For more on installing and creating a BigQuery client, refer to BigQuery Client Libraries.

Page<FieldValueList> tableData =
    bigquery.listTableData(datasetName, tableName, TableDataListOption.pageSize(100));
for (FieldValueList row : tableData.iterateAll()) {
  // do something with the row
}

Go

For more on installing and creating a BigQuery client, refer to BigQuery Client Libraries.

The Google Cloud Client Library for Go automatically paginates by default, so you do not need to implement pagination yourself, for example:

table := client.Dataset(datasetID).Table(tableID)
it := table.Read(ctx)
for {
	var row []bigquery.Value
	err := it.Next(&row)
	if err == iterator.Done {
		break
	}
	if err != nil {
		return err
	}
	fmt.Println(row)
}

Node.js

For more on installing and creating a BigQuery client, refer to BigQuery Client Libraries.
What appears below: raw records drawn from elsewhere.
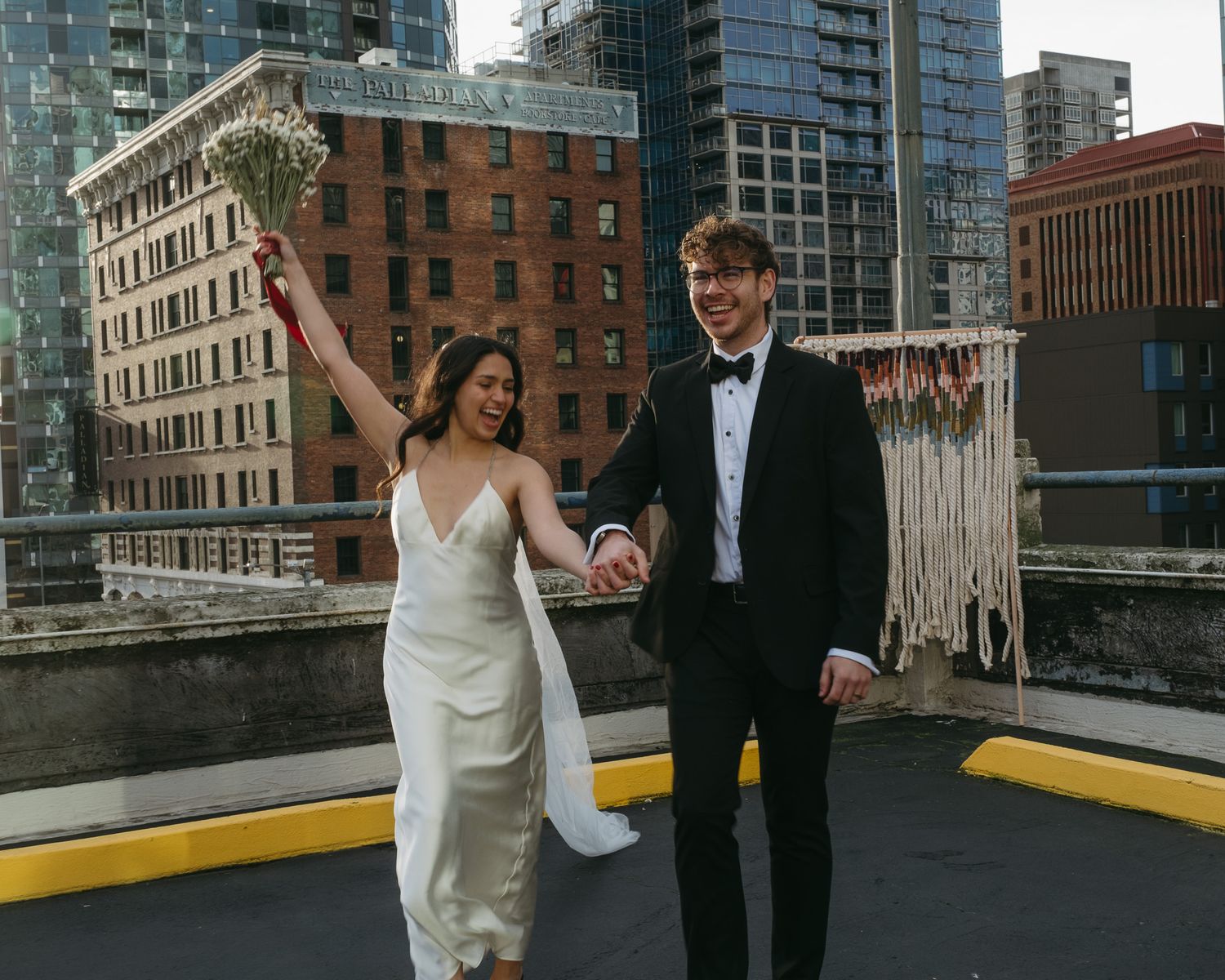 Joyful newlyweds celebrate on a rooftop in NYC, bride in white gown holding bouquet, groom in black tuxedo.
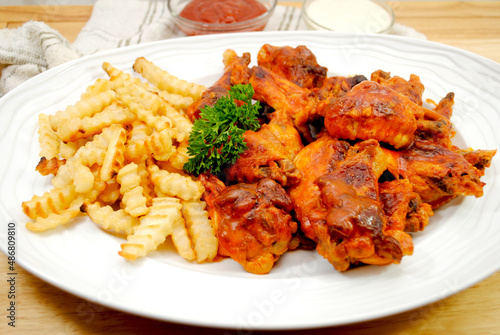A Platter of Spicy baked Buffalo Wings Served with French Fries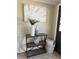 Decorated entryway with a modern metal rack, decorative vases, greenery and a leaf-themed painting for a cozy, welcoming atmosphere at 3736 Sail Dr, New Port Richey, FL 34652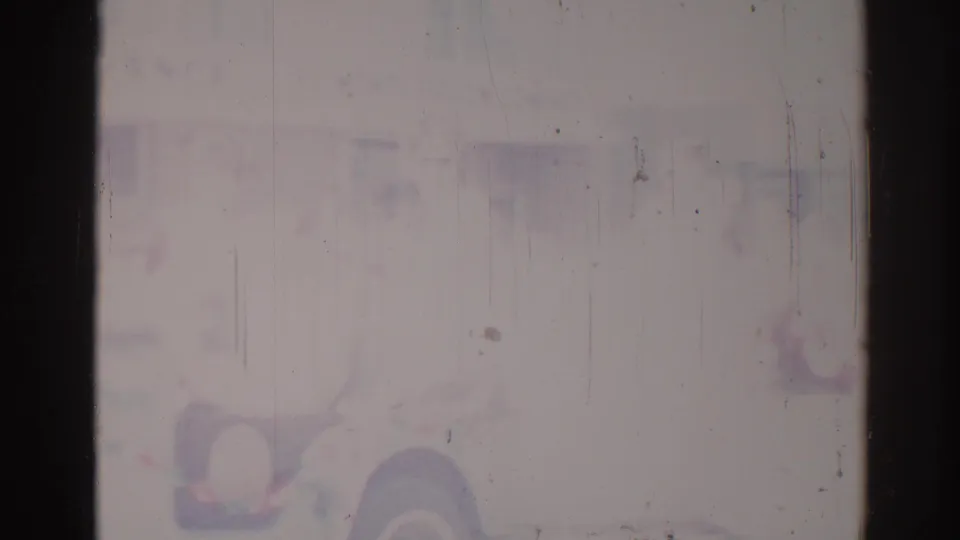 Degraded 1967 Los Angeles 8mm frame with a faint vehicle- or float-like shape and muted purple-blue fading.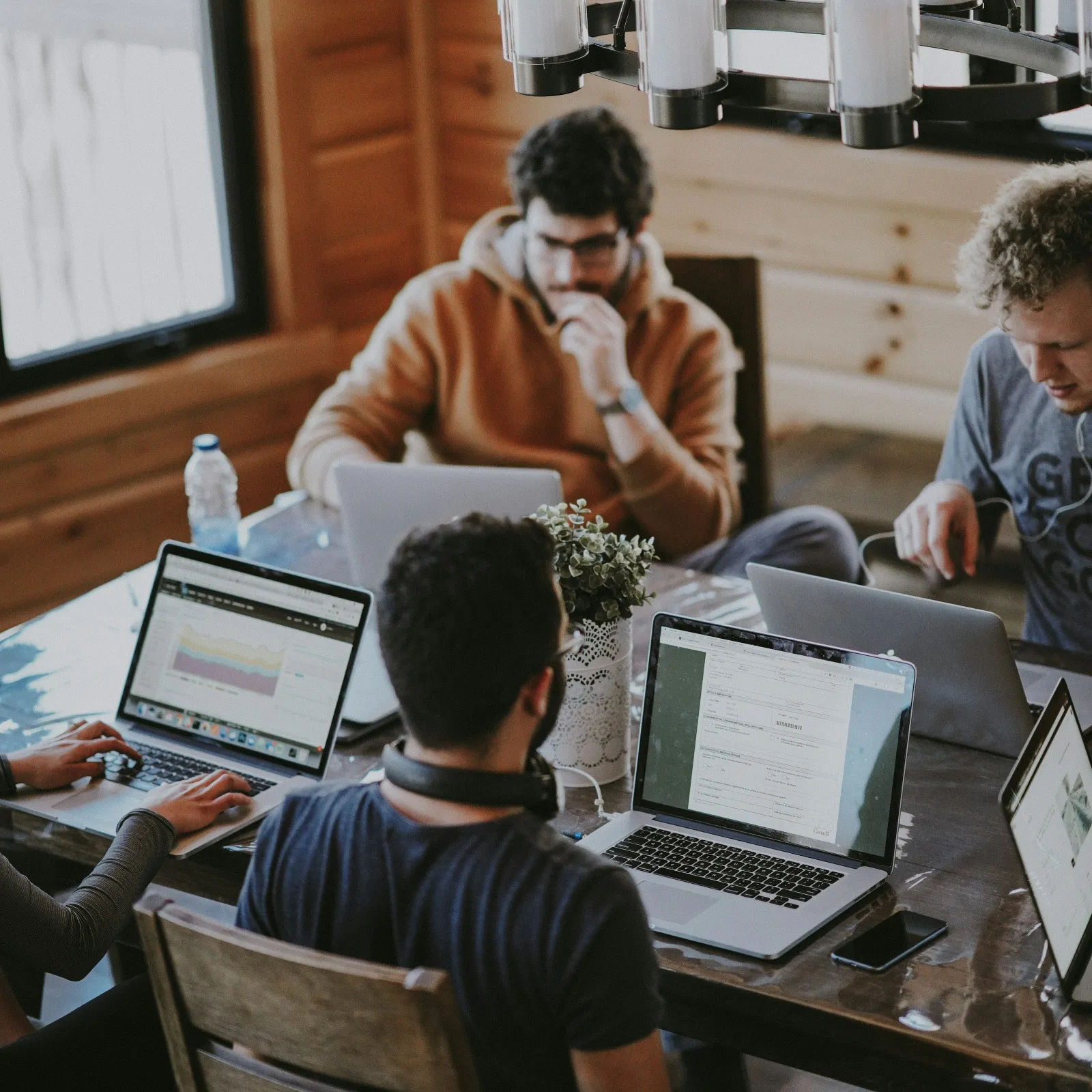 a group of people sitting at a table with laptops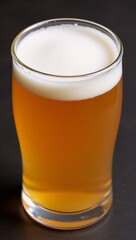 Ok frothy golden beer served in a glass ideal for social occasions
The Google Cloud Client Library for Node.js automatically paginates by default, so you do not need to implement pagination yourself, for example:

// Imports the Google Cloud client library
const BigQuery = require('@google-cloud/bigquery');

// The project ID to use, e.g. "your-project-id"
// const projectId = "your-project-id";

// The ID of the dataset of the table to browse, e.g. "my_dataset"
// const datasetId = "my_dataset";

// The ID of the table to browse, e.g. "my_table"
// const tableId = "my_table";

// Instantiates a client
const bigquery = BigQuery({
  projectId: projectId
});

// Lists rows in the table
bigquery
  .dataset(datasetId)
  .table(tableId)
  .getRows()
  .then((results) => {
    const rows = results[0];
    console.log('Rows:');
    rows.forEach((row) => console.log(row));
  })
  .catch((err) => {
    console.error('ERROR:', err);
  });

PHP

For more on installing and creating a BigQuery client, refer to BigQuery Client Libraries.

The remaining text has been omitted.